Bellabeat is a high-tech manufacturer of health-focused smart products specialized for women. Collecting data on activity, sleep, stress, and reproductive health has allowed Bellabeat to empower women with knowledge about their own health and habits. Bellabeat is a successful small company, but they have the potential to become a larger player in the global smart device market.

1.1. Products

Bellabeat has several wellness-tracker products.

  • Bellabeat app: The Bellabeat app provides users with health data related to their activity, sleep, stress, menstrual cycle, and mindfulness habits. This data can help users better understand their current habits and make healthy decisions. The Bellabeat app connects to their line of smart wellness products.

  • Leaf: Bellabeat’s classic wellness tracker can be worn as a bracelet, necklace, or clip. The Leaf tracker connects to the Bellabeat app to track activity, sleep, and stress.

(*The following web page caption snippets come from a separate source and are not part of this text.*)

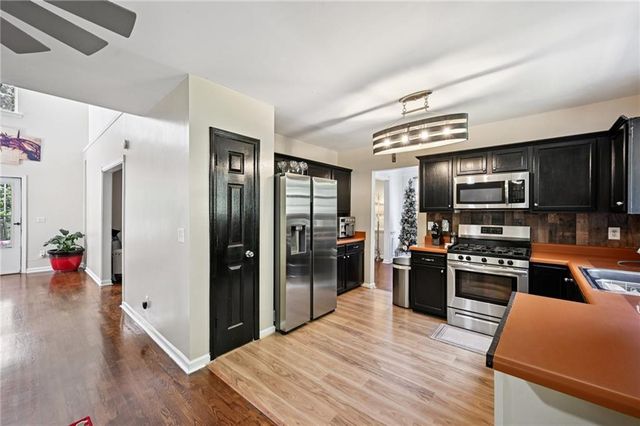 294 Paces Lakes Ridge, Dallas, GA 30157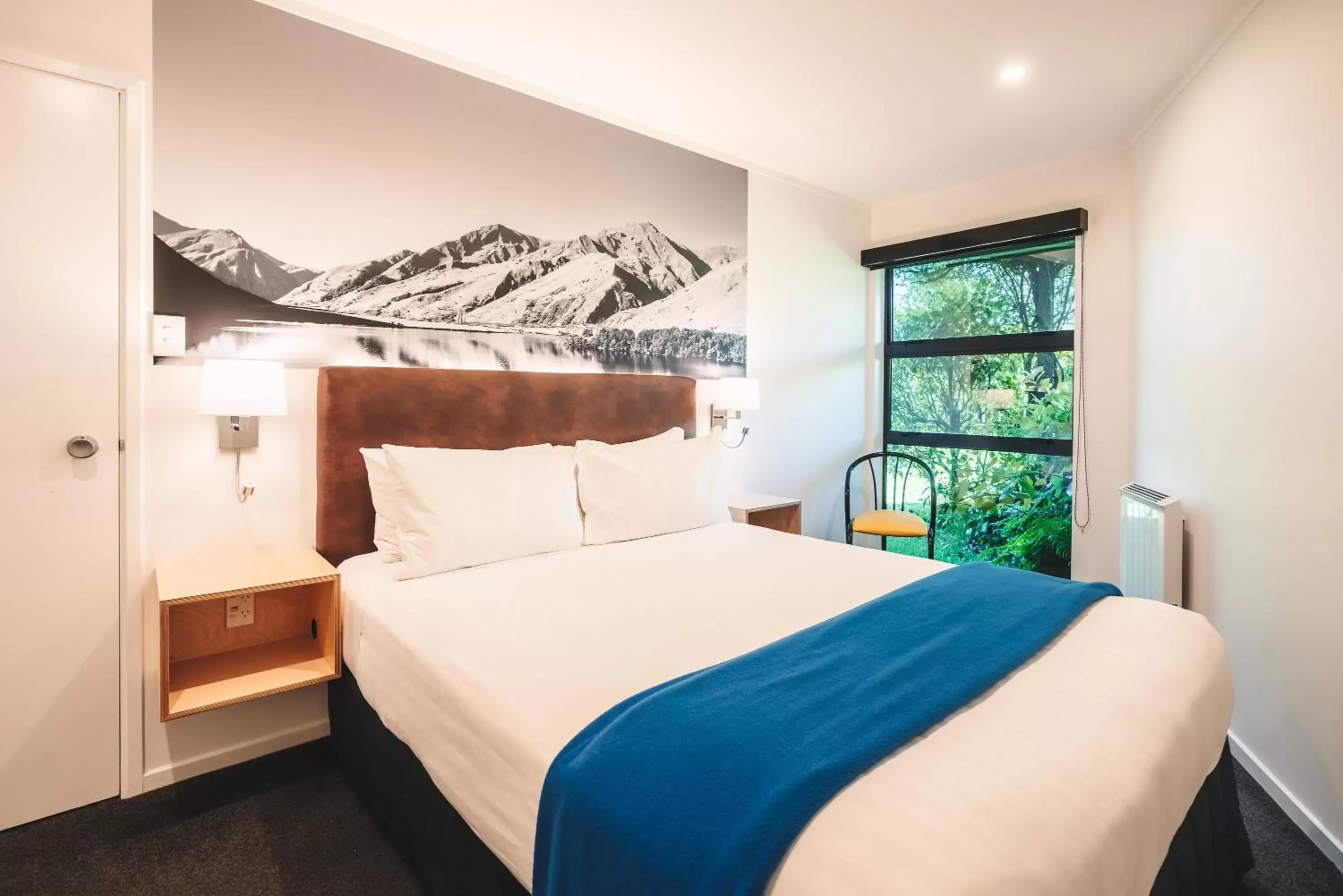 Bedroom, Bed in Blue Peaks Lodge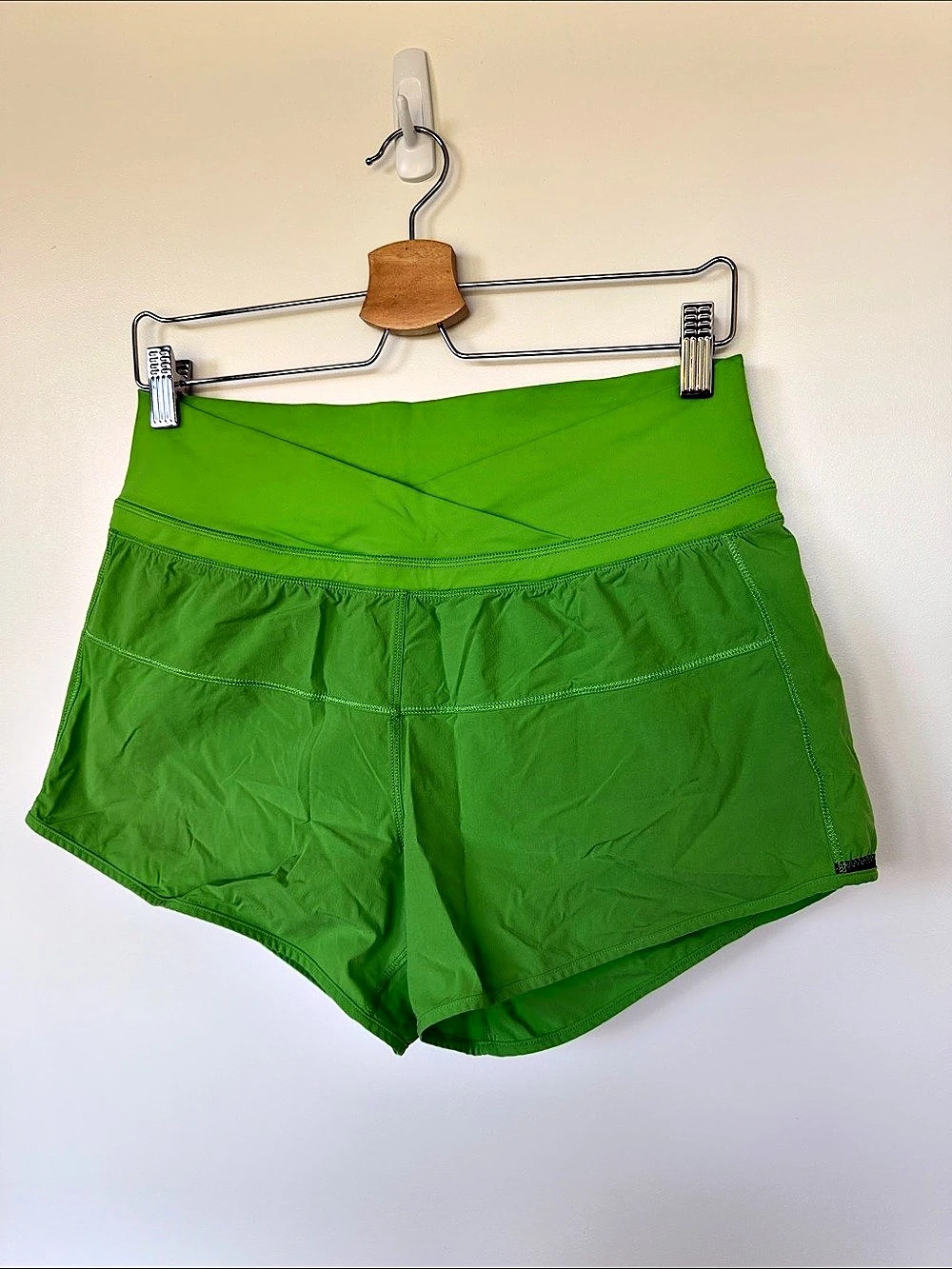Vintage lululemon Green cross front Athletic Shorts Size 6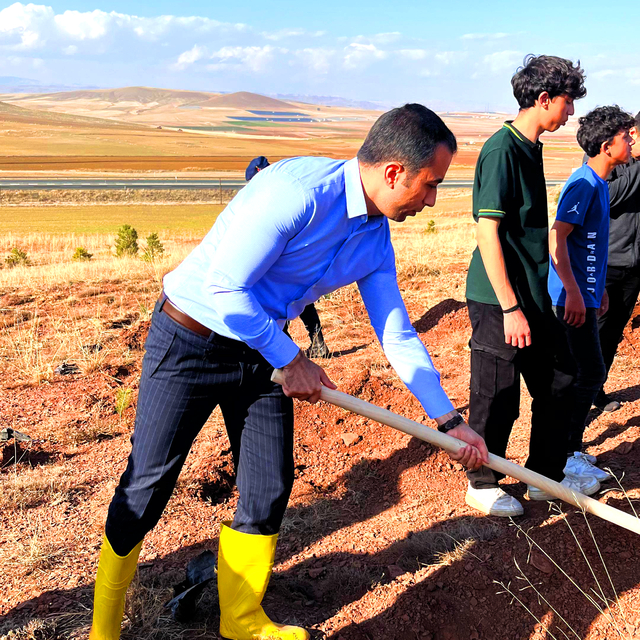 Sarıoğlan'da 500 fidan toprakla buluştu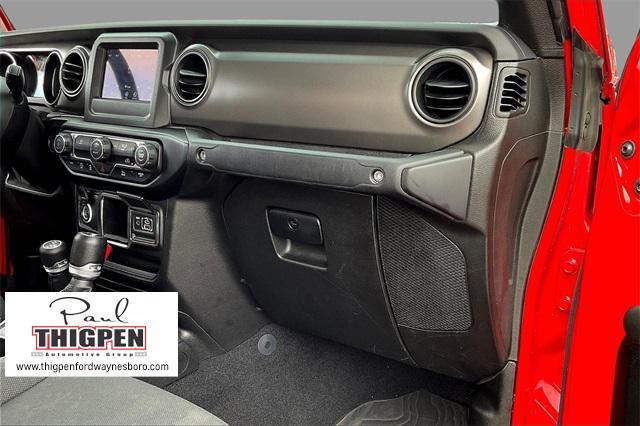 used 2022 Jeep Gladiator car, priced at $27,765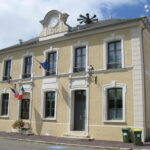 Croix du 17s au nord-ouest du village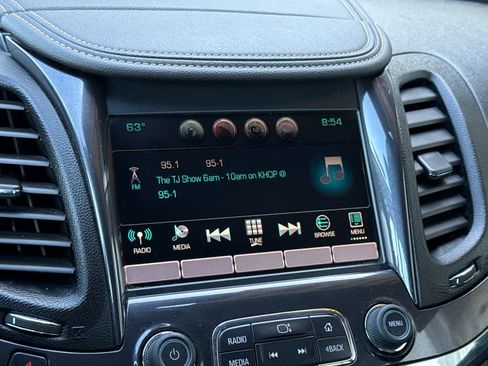 Used 2016 Chevrolet Impala LTZ image 19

  • Time:This wellness watch combines the timeless look of a classic timepiece with smart technology to track user activity, sleep, and stress. The Time watch connects to the Bellabeat app to provide you with insights into your daily wellness.

  • Ivy: A wellness-tracker designed as an elegant bracelet that monitors users heart rate, respiratory rate, and physical and mental activity. The data is combined and displayed as wellness score and readiness score to keep track on daily habit.

  • Spring: This is a water bottle that tracks daily water intake using smart technology to ensure that you are appropriately hydrated throughout the day. The Spring bottle connects to the Bellabeat app to track your hydration levels.

1.2. Current Marketing Efforts

By 2016, Bellabeat had opened offices around the world and launched multiple products. Bellabeat products became available through a growing number of online retailers in addition to their own e-commerce channel on their website. The company has been making several marketing efforts, listed as follows.

  • Investing in traditional advertising media, such as radio, out-of-home billboards, print, and television
  • Investing year-round in Google Search
  • Maintaining active Facebook and Instagram pages
  • Engaging consumers consistently on Twitter
  • Running video ads on Youtube
  • Displaying ads on the Google Display Network

2. Business Task

The Cofounder and Chief Creative Officer of Bellabeat believe that analyzing smart device usage data from non-Bellabeat products will provide insights that is applicable to one of the Bellabeat product.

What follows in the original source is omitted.